自動運転車の歴史 1920年代から現在まで 前編

ジョン・マッカーシーのコンピュータ制御車(1969年)

アメリカのコンピュータサイエンティストであるジョン・マッカーシーは「人工知能」という新語を発明した人物として知られており、彼は未来の自動車はあらかじめ設定された目的地へと向かう自動運転車を予見していた。「コンピュータ制御車」という本の中で、インフラからのインプットを受けずに自動運転を行う自動車を想定した。

「乗客はキーボードで目的地を入力すればよく、あとの運転はすべて車がしてくれるのです」とマッカーシーは説明している。さらに、目的地の変更やレストランでの休憩、緊急事態で急いで向かうなど、目的地を指定する以外にも指令を出すことができるという。

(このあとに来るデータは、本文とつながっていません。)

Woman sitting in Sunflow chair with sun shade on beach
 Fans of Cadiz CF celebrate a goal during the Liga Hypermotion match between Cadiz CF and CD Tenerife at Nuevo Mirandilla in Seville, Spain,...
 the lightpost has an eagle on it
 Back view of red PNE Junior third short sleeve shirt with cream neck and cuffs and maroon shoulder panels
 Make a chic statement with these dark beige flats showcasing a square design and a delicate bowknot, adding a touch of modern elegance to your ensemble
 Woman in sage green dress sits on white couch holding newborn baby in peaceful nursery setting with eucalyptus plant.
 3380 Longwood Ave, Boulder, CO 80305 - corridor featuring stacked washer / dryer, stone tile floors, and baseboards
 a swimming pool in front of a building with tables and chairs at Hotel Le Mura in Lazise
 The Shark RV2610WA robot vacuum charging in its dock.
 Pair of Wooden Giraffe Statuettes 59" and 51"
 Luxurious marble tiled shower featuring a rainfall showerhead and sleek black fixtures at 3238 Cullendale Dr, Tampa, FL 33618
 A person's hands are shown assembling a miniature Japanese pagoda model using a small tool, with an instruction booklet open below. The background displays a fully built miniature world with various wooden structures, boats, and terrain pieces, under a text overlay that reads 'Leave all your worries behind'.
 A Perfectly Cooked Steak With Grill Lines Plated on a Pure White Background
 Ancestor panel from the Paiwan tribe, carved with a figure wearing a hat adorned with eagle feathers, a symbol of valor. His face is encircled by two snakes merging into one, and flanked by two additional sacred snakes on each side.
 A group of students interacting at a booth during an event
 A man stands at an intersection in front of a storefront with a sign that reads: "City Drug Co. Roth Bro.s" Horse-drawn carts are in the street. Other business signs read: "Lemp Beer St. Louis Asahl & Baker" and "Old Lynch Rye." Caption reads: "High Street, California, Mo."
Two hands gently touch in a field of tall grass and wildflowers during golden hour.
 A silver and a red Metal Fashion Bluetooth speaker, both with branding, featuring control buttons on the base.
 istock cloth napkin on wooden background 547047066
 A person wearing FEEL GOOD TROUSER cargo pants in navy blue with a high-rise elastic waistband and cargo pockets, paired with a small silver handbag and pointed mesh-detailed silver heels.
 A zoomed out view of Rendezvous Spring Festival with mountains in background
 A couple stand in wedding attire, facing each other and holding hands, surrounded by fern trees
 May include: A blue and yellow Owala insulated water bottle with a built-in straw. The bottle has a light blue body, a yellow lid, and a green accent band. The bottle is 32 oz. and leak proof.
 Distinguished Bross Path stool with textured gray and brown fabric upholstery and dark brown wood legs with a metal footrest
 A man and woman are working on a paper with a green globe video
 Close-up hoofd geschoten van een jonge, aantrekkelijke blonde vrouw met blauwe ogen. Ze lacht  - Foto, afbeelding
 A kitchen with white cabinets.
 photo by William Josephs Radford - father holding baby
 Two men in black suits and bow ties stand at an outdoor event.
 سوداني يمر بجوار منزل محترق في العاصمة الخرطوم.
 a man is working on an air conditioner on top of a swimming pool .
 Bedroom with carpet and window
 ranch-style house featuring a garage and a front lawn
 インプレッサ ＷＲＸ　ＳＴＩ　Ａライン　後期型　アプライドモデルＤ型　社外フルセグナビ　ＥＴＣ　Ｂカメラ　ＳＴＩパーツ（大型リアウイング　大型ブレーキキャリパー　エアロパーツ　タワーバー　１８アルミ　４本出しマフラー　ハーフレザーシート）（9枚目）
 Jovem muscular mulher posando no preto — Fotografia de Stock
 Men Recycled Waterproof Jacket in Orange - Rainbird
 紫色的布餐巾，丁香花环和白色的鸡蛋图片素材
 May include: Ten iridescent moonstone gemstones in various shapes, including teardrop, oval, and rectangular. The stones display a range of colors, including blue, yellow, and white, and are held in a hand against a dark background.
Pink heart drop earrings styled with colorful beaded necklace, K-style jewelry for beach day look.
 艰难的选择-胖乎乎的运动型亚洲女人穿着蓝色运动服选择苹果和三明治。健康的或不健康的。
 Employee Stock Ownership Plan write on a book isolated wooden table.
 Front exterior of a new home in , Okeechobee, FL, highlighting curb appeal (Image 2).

マッカーシーは、このシステムにはふたつのメリットがあるという。ひとつ目は運転がより便利になる点、ふたつ目は運転がより安全になる点だ。この技術により死亡率は80%減少すると予想したが、同時に完全な安全を実現することはできないと語った。かなり理論に偏った話だが、彼の先進的なエッセイは1980年代に行われた多くの実験の基礎になっている。

筑波数理工学研究所につとめる日本の研究者はかなりコンピュータ化されたプロと対応を開発した。ふたつのカメラを利用して道路上の白線を感知し、32km/hで走行することができた。これはマシンビジョン技術の先駆けとなる技術だった。